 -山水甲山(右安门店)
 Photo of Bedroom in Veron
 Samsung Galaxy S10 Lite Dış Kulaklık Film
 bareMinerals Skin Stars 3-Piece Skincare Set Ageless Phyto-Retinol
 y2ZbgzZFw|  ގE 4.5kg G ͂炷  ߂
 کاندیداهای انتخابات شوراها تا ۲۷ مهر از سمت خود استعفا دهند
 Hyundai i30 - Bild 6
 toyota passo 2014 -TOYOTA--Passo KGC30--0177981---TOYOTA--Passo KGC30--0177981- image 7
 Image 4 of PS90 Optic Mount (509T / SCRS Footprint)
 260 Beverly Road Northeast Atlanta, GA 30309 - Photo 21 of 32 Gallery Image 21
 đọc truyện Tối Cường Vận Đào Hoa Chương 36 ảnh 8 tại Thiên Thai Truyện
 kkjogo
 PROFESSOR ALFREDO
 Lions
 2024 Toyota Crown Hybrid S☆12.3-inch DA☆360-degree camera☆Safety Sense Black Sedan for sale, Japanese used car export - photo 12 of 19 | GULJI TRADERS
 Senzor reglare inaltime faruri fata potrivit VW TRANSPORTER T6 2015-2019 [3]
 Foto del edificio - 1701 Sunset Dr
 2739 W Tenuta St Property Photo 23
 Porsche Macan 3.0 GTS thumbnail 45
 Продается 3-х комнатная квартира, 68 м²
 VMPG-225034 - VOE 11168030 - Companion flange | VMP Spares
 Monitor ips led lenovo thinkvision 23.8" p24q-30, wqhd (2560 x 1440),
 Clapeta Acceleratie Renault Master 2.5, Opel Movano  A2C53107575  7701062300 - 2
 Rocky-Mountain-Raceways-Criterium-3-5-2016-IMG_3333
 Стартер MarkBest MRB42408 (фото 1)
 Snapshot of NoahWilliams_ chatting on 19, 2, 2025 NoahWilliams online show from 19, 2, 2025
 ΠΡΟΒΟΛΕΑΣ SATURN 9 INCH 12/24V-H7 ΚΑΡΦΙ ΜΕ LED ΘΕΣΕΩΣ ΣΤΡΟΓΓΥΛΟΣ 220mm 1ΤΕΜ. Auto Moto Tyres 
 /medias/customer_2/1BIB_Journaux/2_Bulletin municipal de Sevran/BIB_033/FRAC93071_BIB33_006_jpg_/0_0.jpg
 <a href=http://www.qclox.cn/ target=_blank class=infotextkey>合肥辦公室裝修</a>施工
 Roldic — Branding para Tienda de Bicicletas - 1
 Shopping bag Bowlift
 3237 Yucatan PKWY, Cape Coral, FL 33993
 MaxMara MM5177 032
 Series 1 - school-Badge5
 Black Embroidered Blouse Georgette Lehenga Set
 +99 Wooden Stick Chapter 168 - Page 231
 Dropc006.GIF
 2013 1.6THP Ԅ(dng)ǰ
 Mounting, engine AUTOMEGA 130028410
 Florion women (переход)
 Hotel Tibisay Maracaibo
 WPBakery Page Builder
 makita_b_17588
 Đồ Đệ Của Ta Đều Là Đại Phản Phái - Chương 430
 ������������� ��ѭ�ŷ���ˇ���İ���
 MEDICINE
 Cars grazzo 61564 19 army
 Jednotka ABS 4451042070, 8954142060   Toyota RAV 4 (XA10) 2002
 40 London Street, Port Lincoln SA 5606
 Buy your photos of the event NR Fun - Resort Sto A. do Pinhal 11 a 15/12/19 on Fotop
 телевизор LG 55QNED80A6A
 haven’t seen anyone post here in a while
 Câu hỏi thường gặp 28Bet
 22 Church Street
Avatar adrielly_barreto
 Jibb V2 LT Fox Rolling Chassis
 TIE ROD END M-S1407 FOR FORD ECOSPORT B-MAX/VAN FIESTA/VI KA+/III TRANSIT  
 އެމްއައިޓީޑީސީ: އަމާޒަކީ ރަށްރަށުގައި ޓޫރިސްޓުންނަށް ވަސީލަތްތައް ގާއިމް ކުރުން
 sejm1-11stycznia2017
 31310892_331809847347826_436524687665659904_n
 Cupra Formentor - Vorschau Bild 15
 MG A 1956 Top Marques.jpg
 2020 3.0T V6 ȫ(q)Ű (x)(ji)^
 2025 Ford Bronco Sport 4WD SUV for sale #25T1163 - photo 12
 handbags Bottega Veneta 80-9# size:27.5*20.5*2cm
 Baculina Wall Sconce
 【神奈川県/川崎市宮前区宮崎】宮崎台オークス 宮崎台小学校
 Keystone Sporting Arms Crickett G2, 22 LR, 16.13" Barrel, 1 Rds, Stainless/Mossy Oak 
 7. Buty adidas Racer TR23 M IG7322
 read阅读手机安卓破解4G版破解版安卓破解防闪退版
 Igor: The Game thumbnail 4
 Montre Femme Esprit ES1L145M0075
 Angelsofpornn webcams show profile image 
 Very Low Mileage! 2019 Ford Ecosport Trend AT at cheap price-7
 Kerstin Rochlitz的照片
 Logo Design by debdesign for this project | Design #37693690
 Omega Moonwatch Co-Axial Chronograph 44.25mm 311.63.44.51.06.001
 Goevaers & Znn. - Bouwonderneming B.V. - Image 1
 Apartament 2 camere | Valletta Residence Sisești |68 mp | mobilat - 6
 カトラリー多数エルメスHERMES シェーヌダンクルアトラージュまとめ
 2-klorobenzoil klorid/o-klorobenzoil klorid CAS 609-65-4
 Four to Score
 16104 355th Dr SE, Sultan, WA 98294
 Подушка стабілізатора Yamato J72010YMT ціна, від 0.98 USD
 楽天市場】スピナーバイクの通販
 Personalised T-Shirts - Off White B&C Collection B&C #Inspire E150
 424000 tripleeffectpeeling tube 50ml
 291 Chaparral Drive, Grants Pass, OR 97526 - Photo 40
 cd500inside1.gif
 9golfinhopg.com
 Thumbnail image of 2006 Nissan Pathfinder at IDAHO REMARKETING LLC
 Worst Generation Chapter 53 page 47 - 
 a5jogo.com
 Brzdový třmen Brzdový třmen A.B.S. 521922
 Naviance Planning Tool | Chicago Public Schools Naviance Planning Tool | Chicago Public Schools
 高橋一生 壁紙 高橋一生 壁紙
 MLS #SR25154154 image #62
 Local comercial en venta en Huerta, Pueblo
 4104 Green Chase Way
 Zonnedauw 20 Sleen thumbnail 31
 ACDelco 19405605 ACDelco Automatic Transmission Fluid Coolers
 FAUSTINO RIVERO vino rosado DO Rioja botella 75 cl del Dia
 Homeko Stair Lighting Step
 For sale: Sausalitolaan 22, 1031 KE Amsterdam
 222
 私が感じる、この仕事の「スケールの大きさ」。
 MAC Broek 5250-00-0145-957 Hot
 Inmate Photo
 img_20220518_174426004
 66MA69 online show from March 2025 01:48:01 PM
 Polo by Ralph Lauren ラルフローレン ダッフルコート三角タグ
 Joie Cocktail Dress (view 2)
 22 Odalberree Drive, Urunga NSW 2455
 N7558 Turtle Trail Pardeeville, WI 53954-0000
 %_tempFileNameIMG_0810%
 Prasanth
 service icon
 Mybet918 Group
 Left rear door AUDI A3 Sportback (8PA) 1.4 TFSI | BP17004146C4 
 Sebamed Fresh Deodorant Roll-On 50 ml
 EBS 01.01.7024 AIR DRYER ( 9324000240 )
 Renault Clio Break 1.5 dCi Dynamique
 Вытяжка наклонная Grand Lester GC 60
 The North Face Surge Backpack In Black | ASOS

WORK INSTRUCTIONS | Copy word for word the stretch of entries above from the line that has "2013 1.6THP Ԅ(dng)ǰ" through the line that has "sejm1-11stycznia2017", both ends included, and nothing outside it.

WRITTEN SOLUTION |
 2013 1.6THP Ԅ(dng)ǰ
 Mounting, engine AUTOMEGA 130028410
 Florion women (переход)
 Hotel Tibisay Maracaibo
 WPBakery Page Builder
 makita_b_17588
 Đồ Đệ Của Ta Đều Là Đại Phản Phái - Chương 430
 ������������� ��ѭ�ŷ���ˇ���İ���
 MEDICINE
 Cars grazzo 61564 19 army
 Jednotka ABS 4451042070, 8954142060   Toyota RAV 4 (XA10) 2002
 40 London Street, Port Lincoln SA 5606
 Buy your photos of the event NR Fun - Resort Sto A. do Pinhal 11 a 15/12/19 on Fotop
 телевизор LG 55QNED80A6A
 haven’t seen anyone post here in a while
 Câu hỏi thường gặp 28Bet
 22 Church Street
Avatar adrielly_barreto
 Jibb V2 LT Fox Rolling Chassis
 TIE ROD END M-S1407 FOR FORD ECOSPORT B-MAX/VAN FIESTA/VI KA+/III TRANSIT  
 އެމްއައިޓީޑީސީ: އަމާޒަކީ ރަށްރަށުގައި ޓޫރިސްޓުންނަށް ވަސީލަތްތައް ގާއިމް ކުރުން
 sejm1-11stycznia2017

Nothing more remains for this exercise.